Glenfarclas 41yo 1973/2014 (40.7%, Cadenhead Authentic Collection, Bourbon Hogshead, 186b): nose: Virginia tobacco and sweet onions, melting in butter. Demerara sugar, muscovado sugar, while also a cereal note: Weetabix and draff. It has a whole fruity side to it, with dried apricots, dried mango slices and chewy orange sweets. After the first sip, the nose takes on an orange-peel character, even grapefruit zest appears, with pith not far behind. Mouth: fresh, fruity and herbaceous, it has iron tonic, tarragon and loads of citrus (juicy oranges, tangerines, ripe mandarins), pineapple drops, lemon mint, perhaps pot ale. The second sip is orange and peach nectar, rich, sweet, softly bitter and fruity to the max. The sugar from the nose morphs into caramel flan, perhaps with a drop of tonic (Schweppes), or green tea leaves. Finish: perfectly balanced, it continues the citrus story, with slightly more acidic fruits, this time: pomelo, bergamot, calamansi, rather than orange and tangerine. There is also rose-petal jelly, prickle-pear marmalade, jellied narcissus leaves (don't ask), gelatine, and, once again, the gentle bitterness of tonic water. A soft-wood influence can be felt at the third sip, at last, more mint or resin than sandal wood or ginger. One has to work rather hard, with this one. All the notes are tightly interwoven, and it becomes tricky to identify them. Undoubtedly, it is excellent juice, yet it is difficult to describe it. 9/10 (Thanks for the sample, Forrest)
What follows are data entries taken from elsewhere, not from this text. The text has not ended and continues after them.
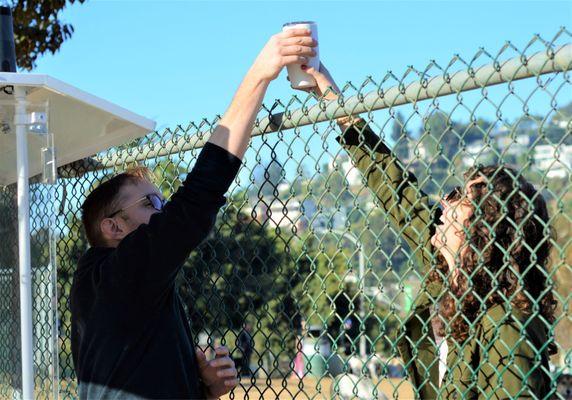 Austin handing a beverage to a customer in the dog park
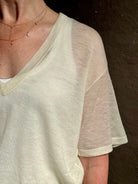 woman wearing SPRWMN lightweight ivory wool sweater short sleeve v-neck in relaxed fit t-shirt design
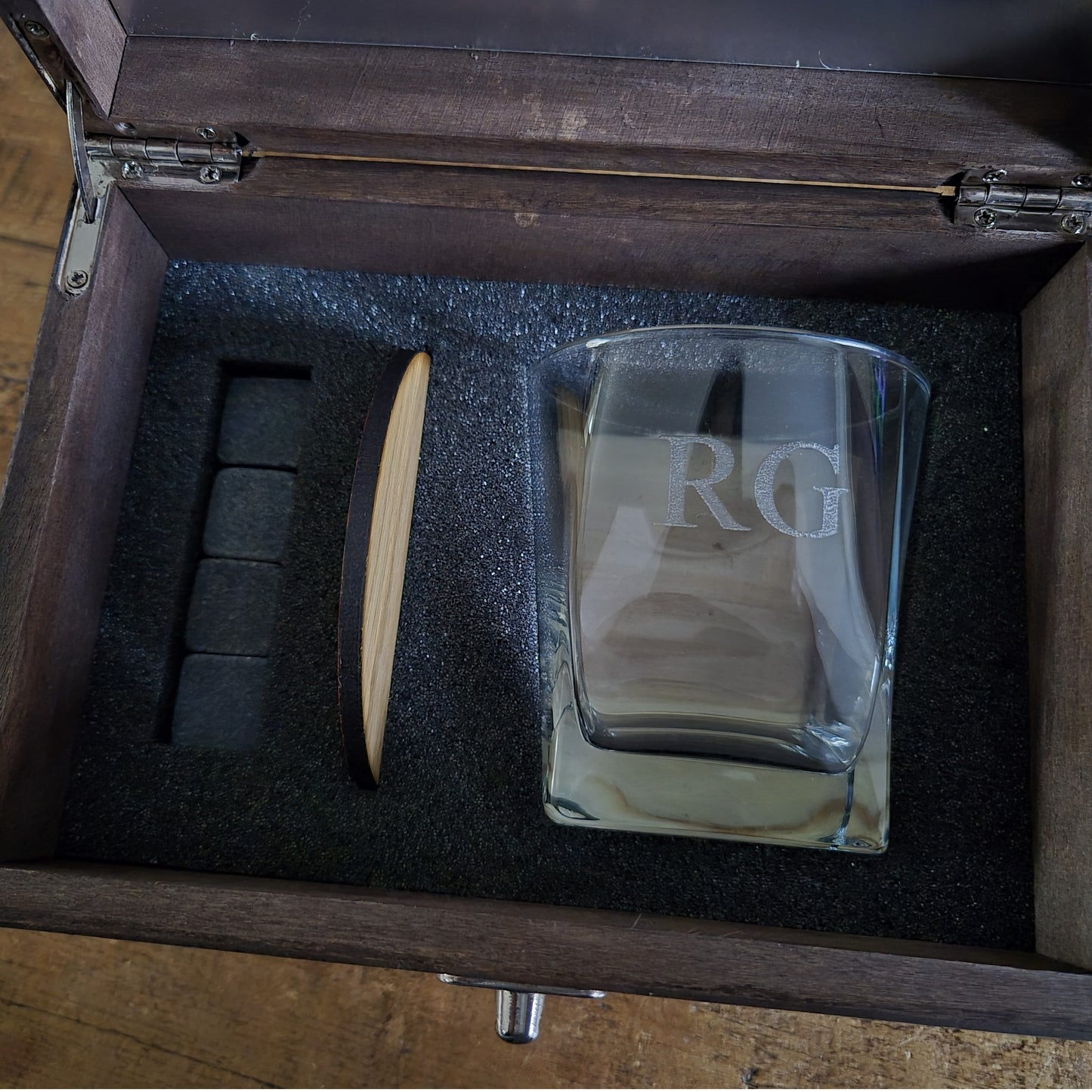 Wooden whisky box with engraved text containing an engraved whiskey glass, stones and oak coaster.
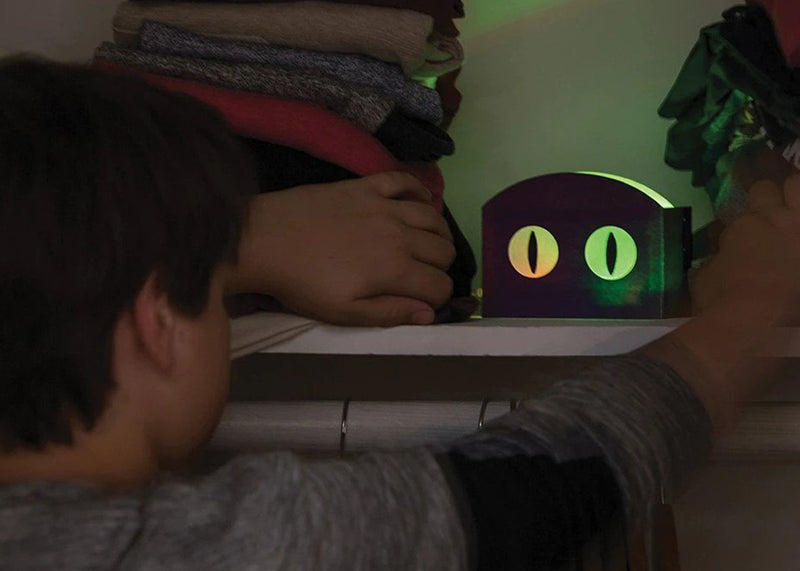 Boy playing with night light invention.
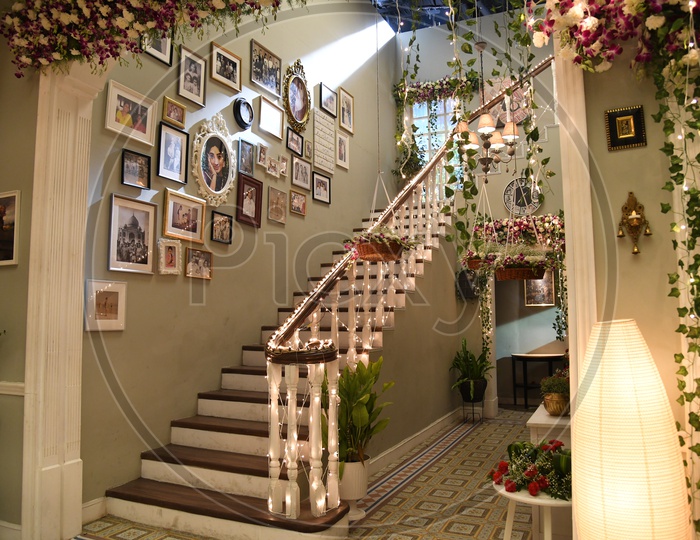 Interior Of a House Wall With Photo Frames And  Led Lights Decoration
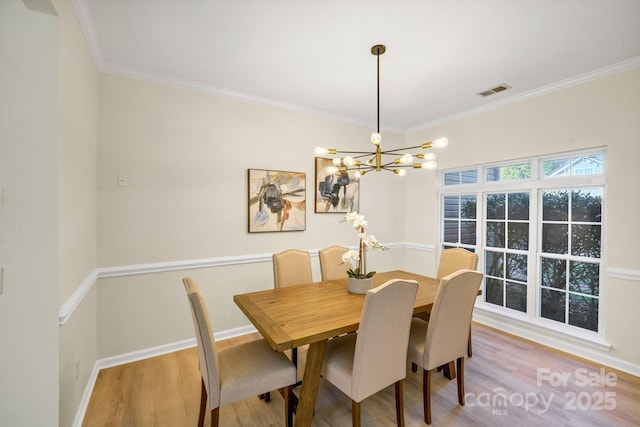 dining room with wood finished floors, visible vents, baseboards, an inviting chandelier, and crown molding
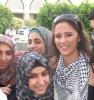 Layan Bazlamit picture on July 3rd 2011 as she arrives to Amman airport in Jordan with fans waiting for her at the airport entrance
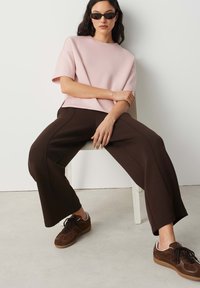 Frau sitzt auf einem Stuhl, trägt ein hellrosa kurzärmeliges Oberteil, weite dunkelbraune Hose, braune Sneakers und schwarze Sonnenbrille vor einer weißen Wand.
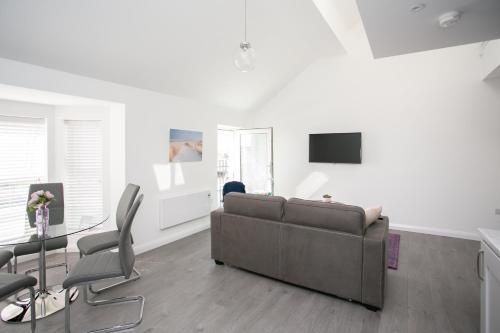 a living room with a couch and a table at 107 Eglinton Street in Portrush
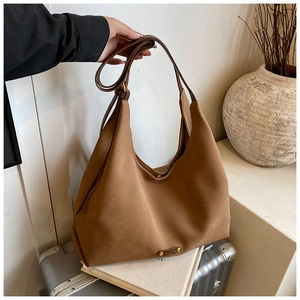 Close-up of brown matte hobo bag with adjustable strap and metal logo on soft texture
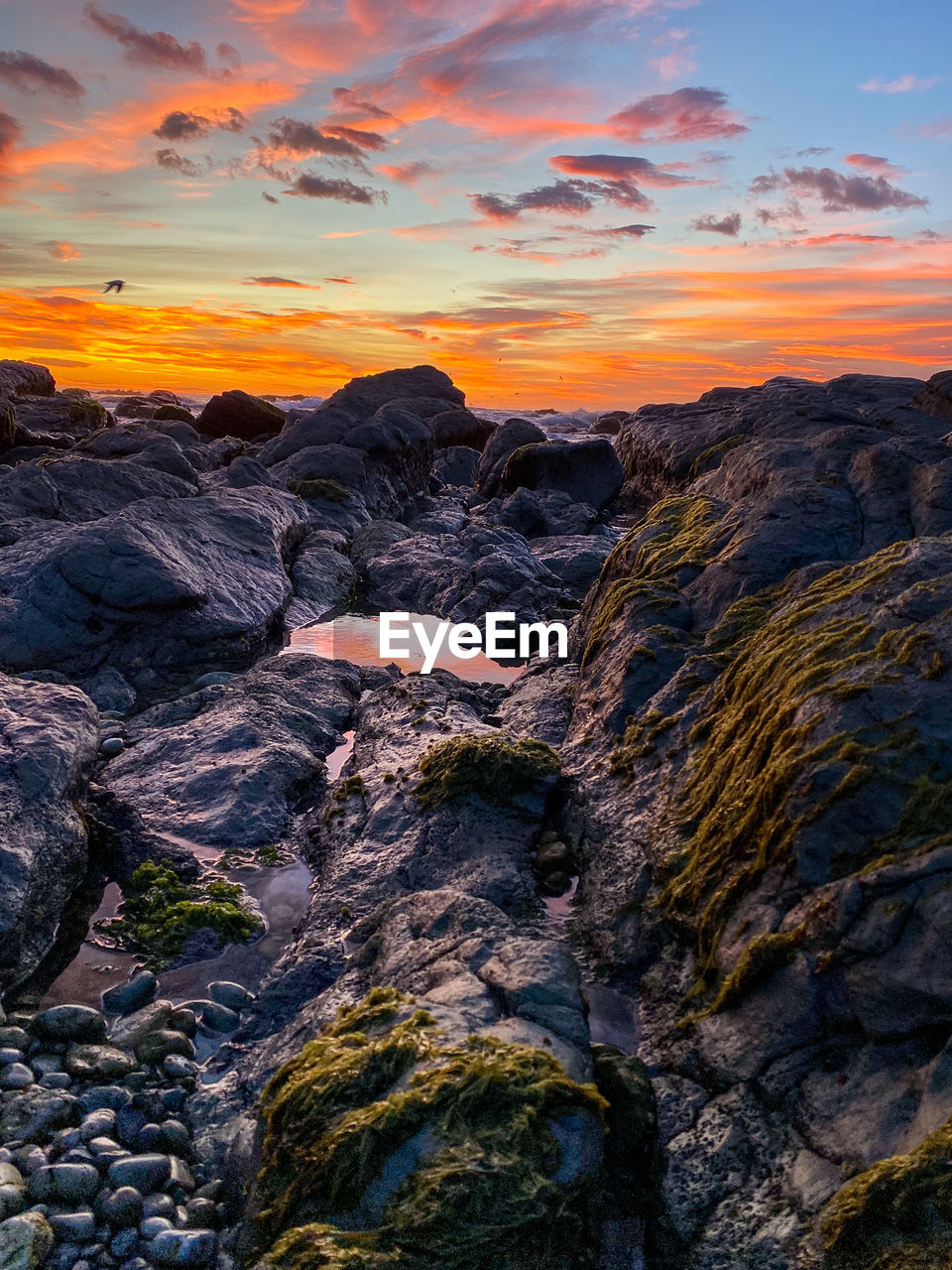 ROCK FORMATIONS AGAINST SKY DURING SUNSET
Probably Speyside's Finest Distillery 46yo 1967/2013 (53.6%, Langside Distillers Douglas of Drumlanrig for La Boutique du Chemin, Sherry Butt, C#LD10258, 9b): this is one of Hunter Laing's Old & Rare Platinum, re-bottled for La Boutique du Chemin. There have been a few of those, that were given a new livery and a ridiculously low outturn for the Belgian shop. Anyway, the online shop clearly states this is a Glenfarclas; I am sure Hunter Laing are ecstatic about that, seeing what lengths they go to to ensure this is from an undisclosed distillery. Nose: it has almost nothing in common with its predecessor. This one has encaustic, wood varnish, rapeseed oil, pickled reddish onions, pickled radishes, plum wine, sliced pickled ginger, lots of rancio, as becomes very obvious, after a minute. Then, it is a drinks cabinet and something less likely: something sweaty; not quite old gym shoes -- something closer to cheese (halloumi). Elderberry, fermenting away, before being made into a liqueur, wine sauce, marinated skewers, and then a powerful earthiness -- scorched earth and hair balls. Mouth: oomph! This feels wine-y on the tongue! Marinating skewers, sauce grand'veneur, fruit liqueur... and a lot of fruit, full stop, actually: elderberry, blackberry, myrtle, dark cherry all compete for attention. That said, they have to fight off Madeira and Port, which are well bombastic. The palate has a pronounced toasted side too, with distinct aniseed, charred toast and scorched earth, though it falls short of coffee grounds (phew!) Cocoa powder, coconut oil, gun oil. The texture is surprisingly thin, on the other hand. Only the taste is oily. Finish: in line with the above, it has the bitter freshness of aniseed, roasted liquorice root and berries aplenty (even if it goes no further than rancio-y elderberry, this time). Madeira wine, a touch of earth , liquorice allsorts, perhaps new rubber joints, liqueur pralines, almond oil and Brazil-nut skins. It is well made, but less my thing. 8/10 (Thanks for the sample, LM)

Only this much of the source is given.